## WHAT THIS TASK INVOLVES
With the pictures left out, transcribe exactly the lines from the one with "绿实兰结球生菜种子耐抽苔直立亮绿型耐热净菜率高" through the end of the data.

Brief descriptive captions
____________________
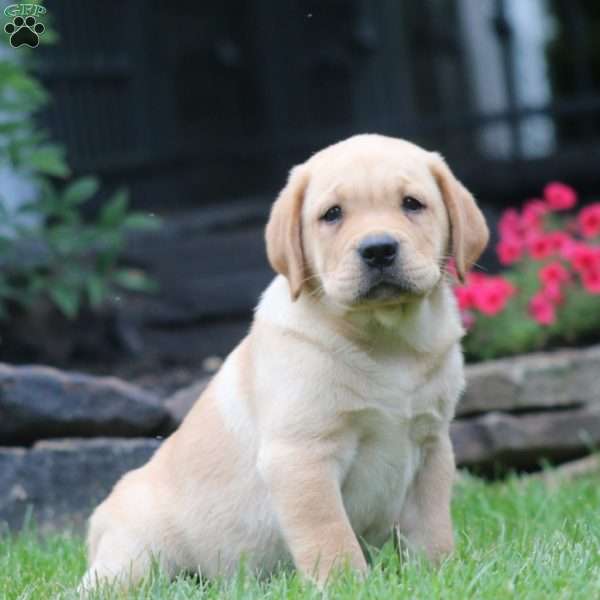 Troy, Yellow Labrador Retriever Puppy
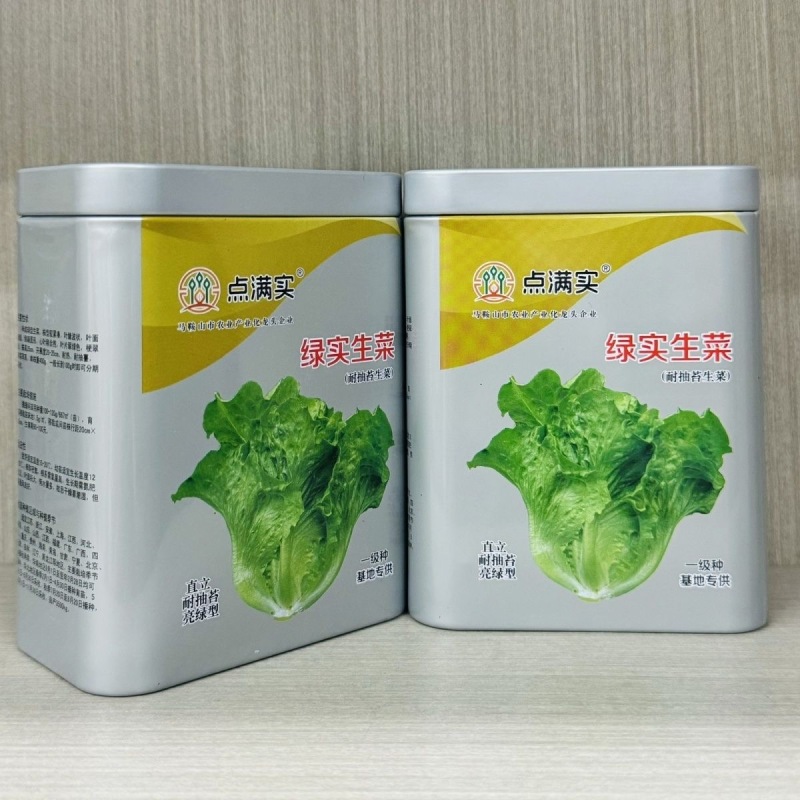 绿实兰结球生菜种子耐抽苔直立亮绿型耐热净菜率高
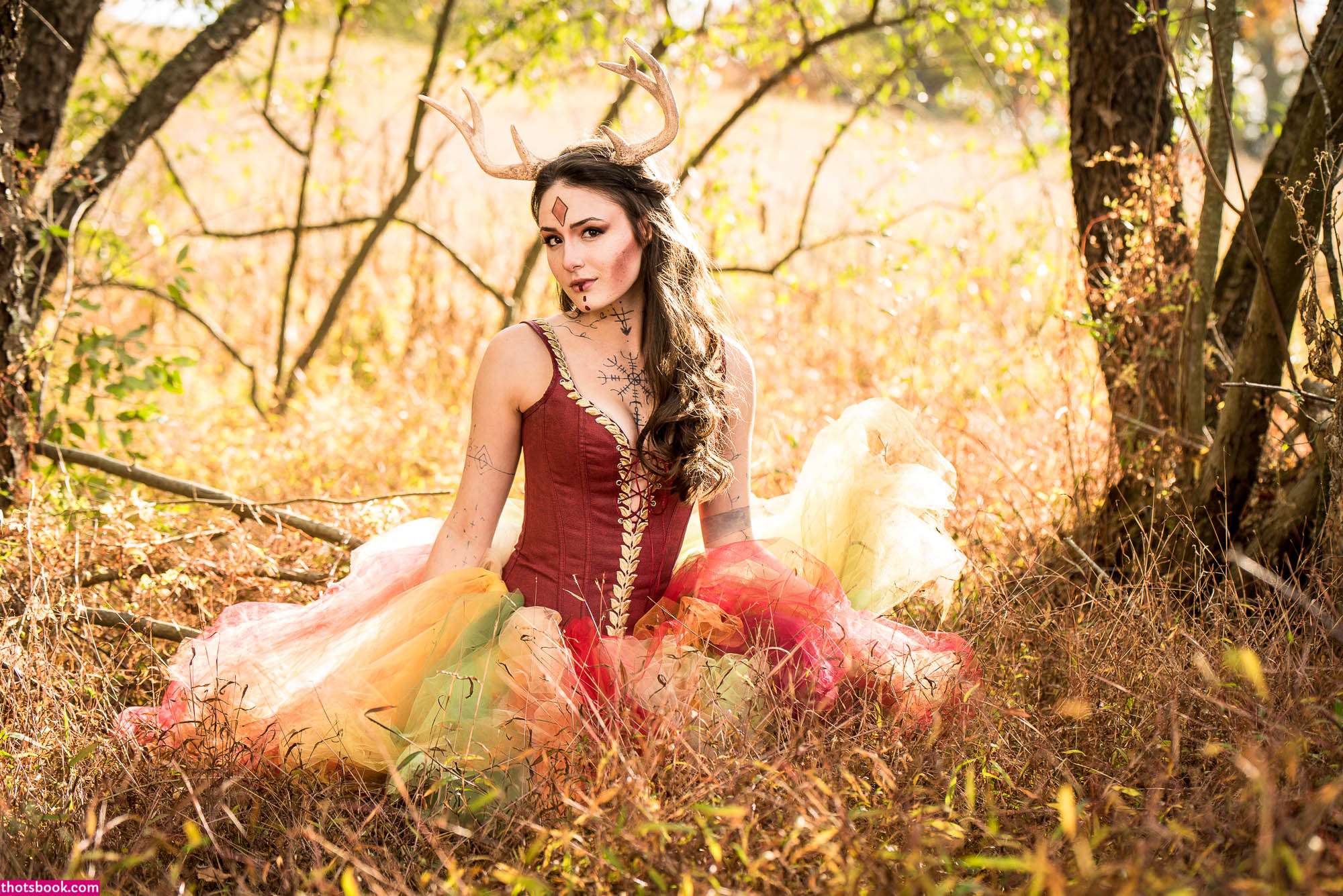 Creator Photo #1855724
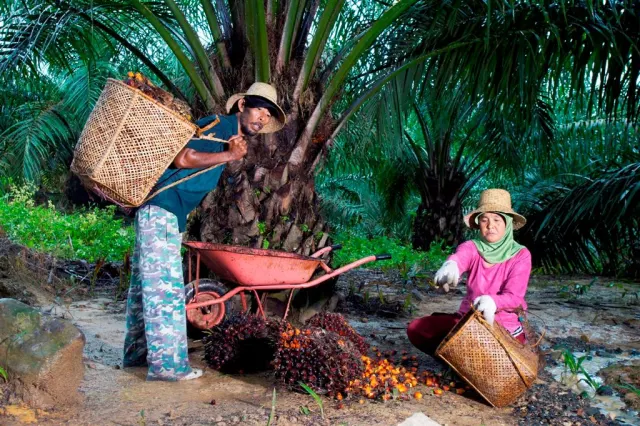 PTPN IV PalmCo Dampingi Peremajaan 49 Ribu Hektare Kebun Sawit Rakyat, Perkuat Kemitraan dan Peran Offtaker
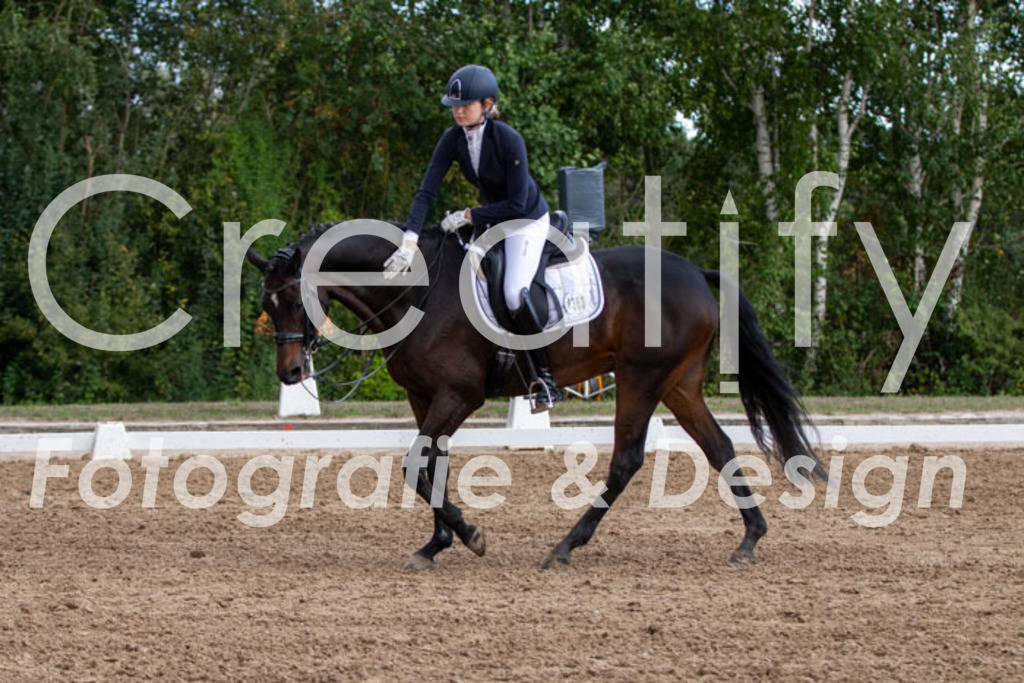 IMG_5482 | Creatify Fotografie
____________________
## RESULT FOR THIS EXERCISE
 绿实兰结球生菜种子耐抽苔直立亮绿型耐热净菜率高
 Creator Photo #1855724
 PTPN IV PalmCo Dampingi Peremajaan 49 Ribu Hektare Kebun Sawit Rakyat, Perkuat Kemitraan dan Peran Offtaker
 IMG_5482 | Creatify Fotografie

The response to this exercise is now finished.